ROMA-  Il ministero dell’Ambiente vuole nuove  integrazioni slitta l’inizio della cantierizzazione per il gasdotto TAP. Gli uffici romani il 21 dicembre scorso hanno sospeso la procedura di ottemperanza e bloccato così l’inizio della fase di cantierizzazione prevista per il 18 gennaio prossimo.
Nella procedura di ottemperanza alle prescrizioni imposte per la valutazione di impatto ambientale la commissione  ha ritenuto la documentazione presentata per la A3 non esaustiva è ha sospeso i termini di valutazione chiedendo cospicue integrazioni.

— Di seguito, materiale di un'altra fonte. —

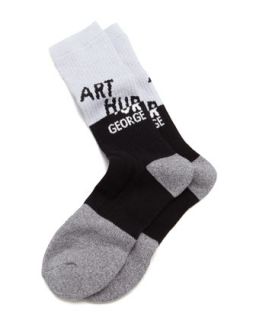 AG Swag Mens Socks, Black/Gray   Arthur George by Robert Kardashian   Grey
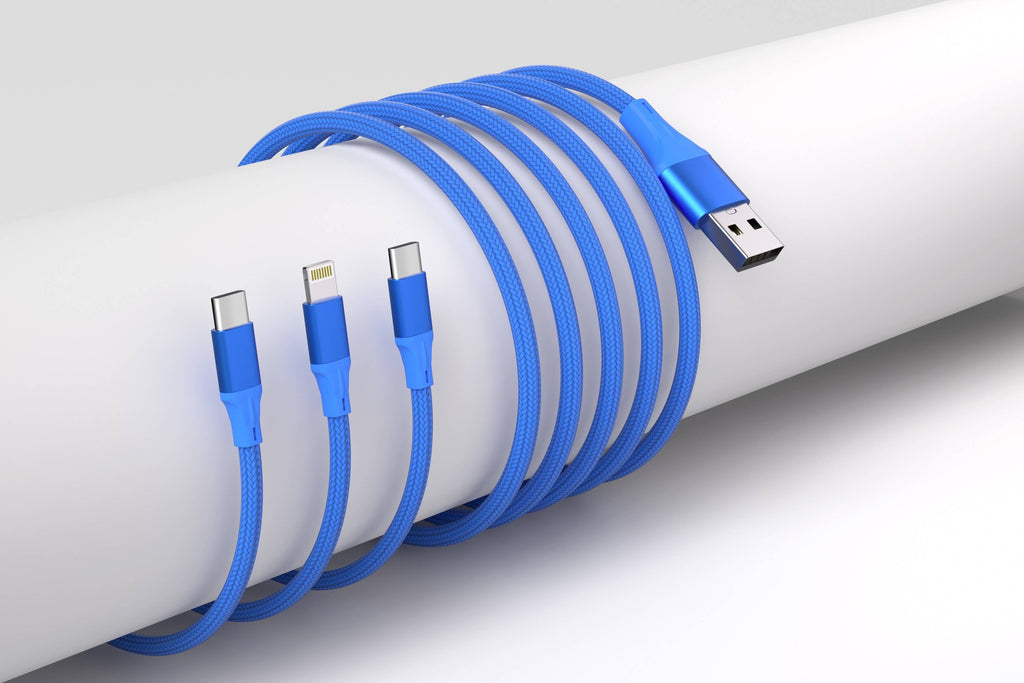 3-in-1 Cable For IPhone/Ipad & Android Devices - Retail Pack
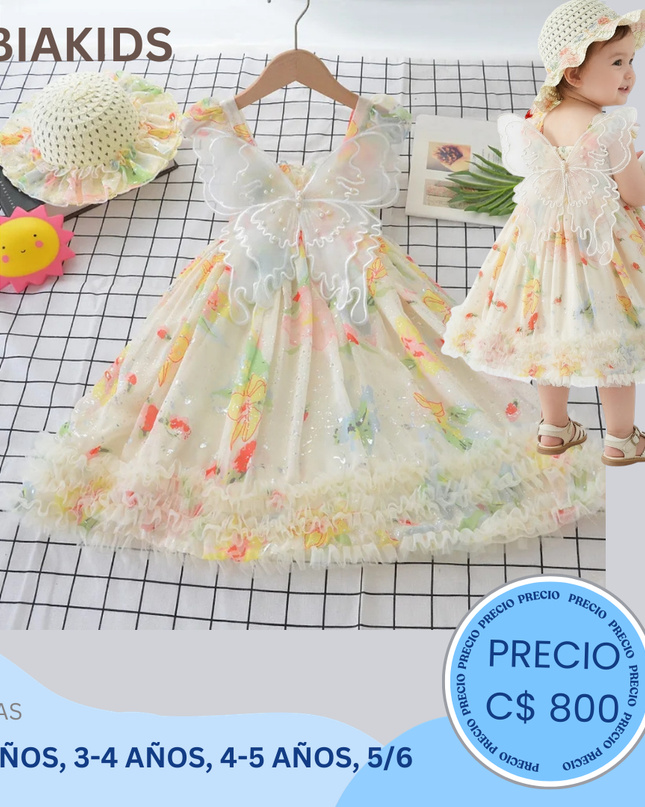 vestido mariposa Perla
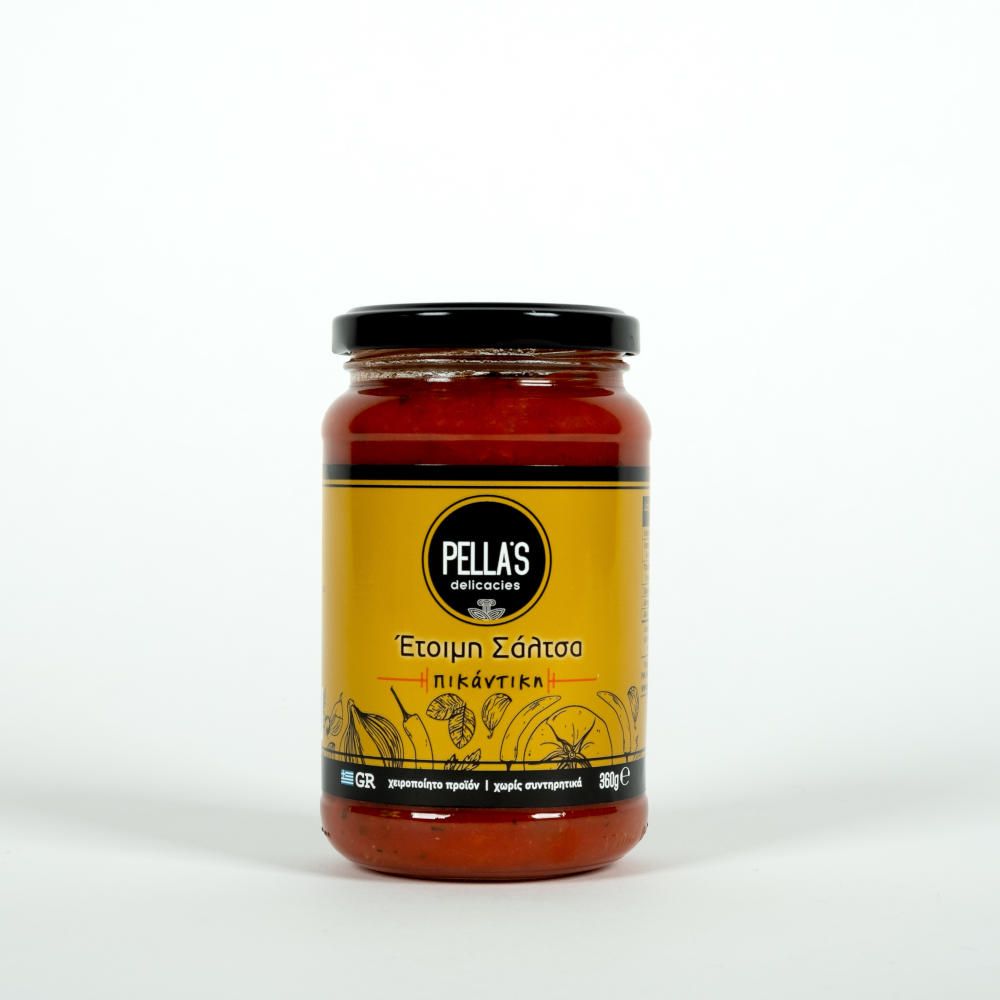 Σάλτσα Ντομάτας πικάντικη - Pella's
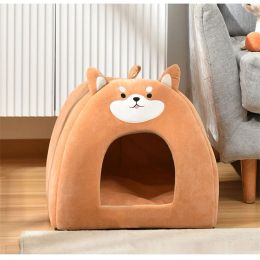 Mats All Season Pet Dog Beds House Soft Cat Bed Puppy Kennel Machine Washable Tent House Chihuahua Sleeping Bag Kitty Litter Pet Nest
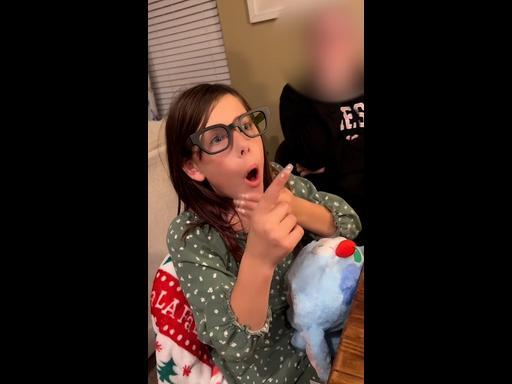 Deaf girl tries on glasses that create real-life subtitles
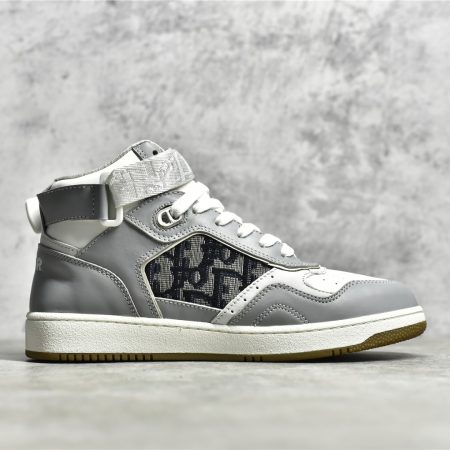 Dior B27 Sneakers High-Top Gray (AA Version) - Image 3
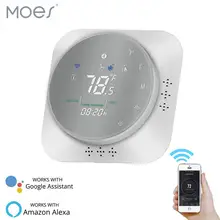 Moes Smart WiFi программируемый термостат, металлическая матовая панель, Smart Life/Tuya APP пульт дистанционного управления, работает с Alexa Google Home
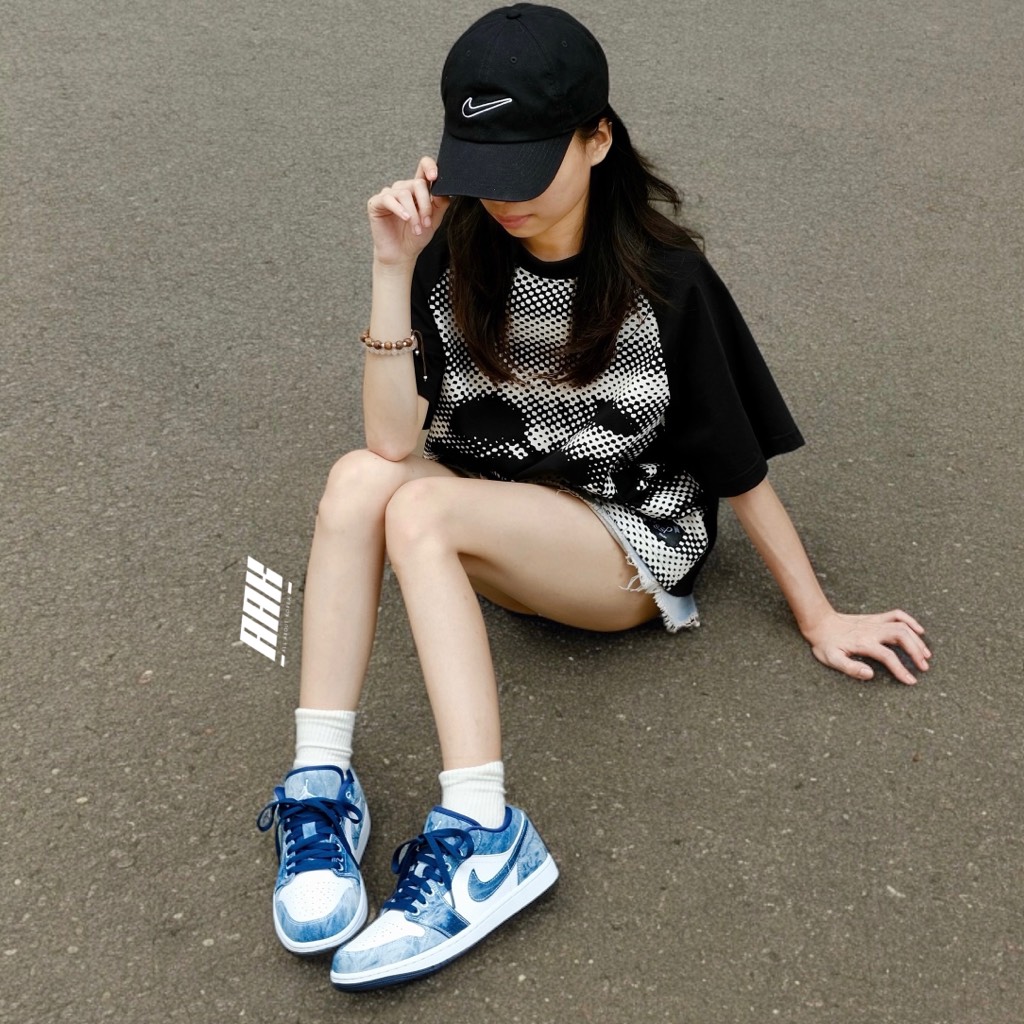 NIKE JORDAN 1 LOW SE 'WASHED DENIM' - CZ8455 100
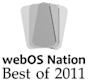 webOS Nation Best of 2011 award logo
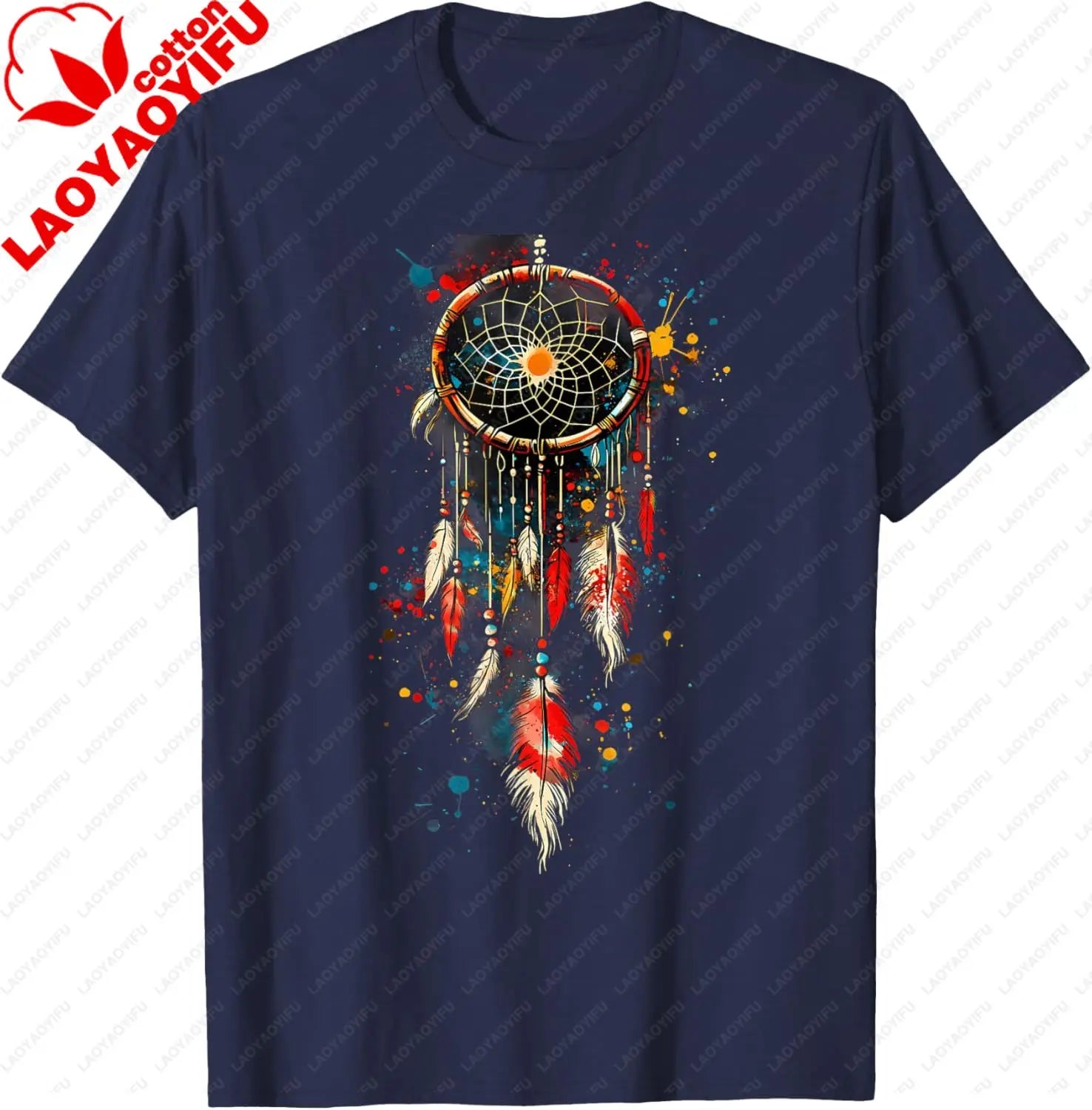 Native American Indian Tribe Dreamcatcher Artwork T-Shirt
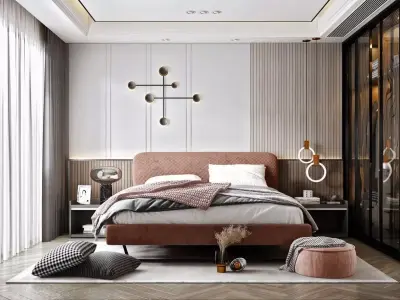 Modern luxury bedroom 42 3D model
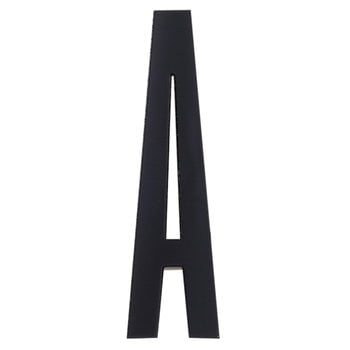 Design Letters Lettre en bois Arne Jacobsen, noir A-Ö
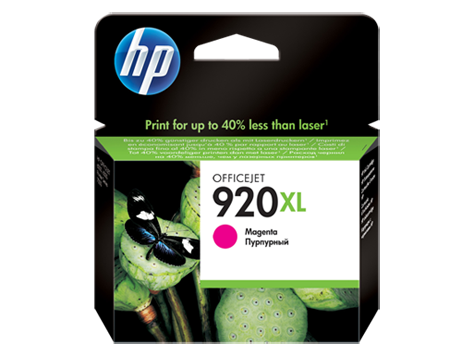 HP 920XL Yüksek Kapasiteli Magenta Orijinal Mürekkep Kartuşu (CD973AE)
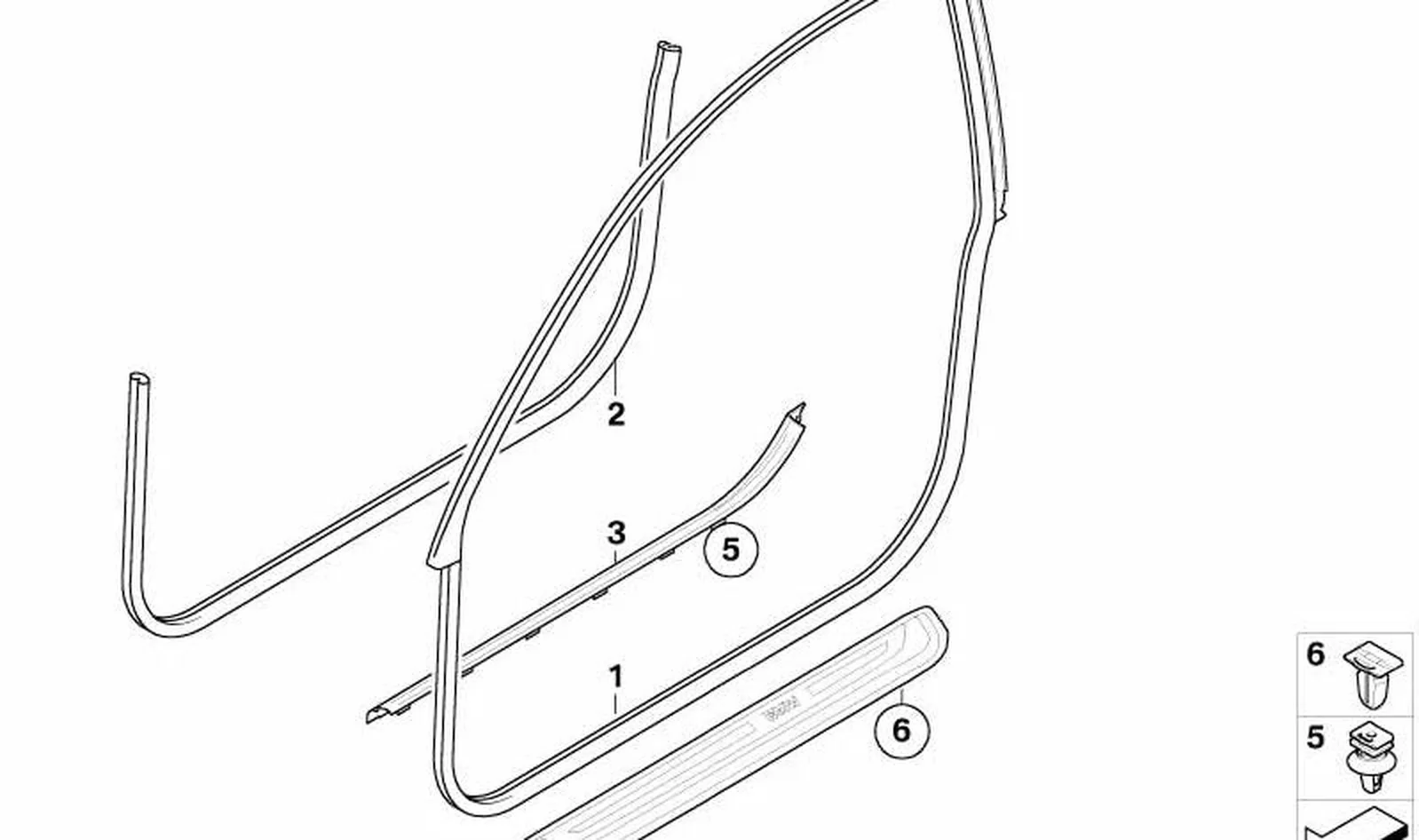 Paramento de entrada derecho OEM 51477079960 para BMW Serie 6 E63, E64. Original BMW. - Image 8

“Secondo le prescrizioni A3 e A5 richieste dal ministero- spiega il movimento NoTap- la Trans Adriatic Pipeline doveva fornire documentazione di dettaglio sulla progettazione ANTEOPERAM del microtunnel e di un eventuale alternativa in caso di impossibilità di realizzazione. Questa progettazione doveva essere supportata da prospezioni geologiche accurate della zona interessata. La commissione ha ritenuta insufficiente la documentazione presentata per la A-3,sostanzialmente ritenendo ancora dubbia la fattibilità tecnica del microtunnell,sospendendo i termini di valutazione.”
Non solo ma la commissione ha fatto sapere che la progettazione del microtunell in sostanza non può essere spezzettata, come invece chiedeva TAP,e la prescrizione A-3 va quindi  ottemperata prima della fase di cantierizzazione.
A questo punto la data del 18 gennaio a cui TAP puntava per la cantierizzazioone del pozzo di spinta è slittato. “Nella documentazione presentata al Ministero per l’ottemperanza A-3 – scrivono dal comitato NO TAP-  avevamo già notato delle incongruenze macroscopiche con il quadro prescrittivo del DM 223. Mancano per l’ennesima volta le prospezioni basilari per progettazione relative al Microtunnell,eppure queste prospezioni sono state eseguite sia nella pineta che vicino il pozzo di spinta che in mare. Tutto questo avvalla la tesi dei tecnici del Comitato sulla impossibilità di far approdare il tubo con la tecnica proposta.”

Quella di Tap è una corsa contro il tempo, entro la prossima primavera l’opera dovrà partire così come chiesto l’Unione europea altrimenti non saranno più disponibili i finanziamenti.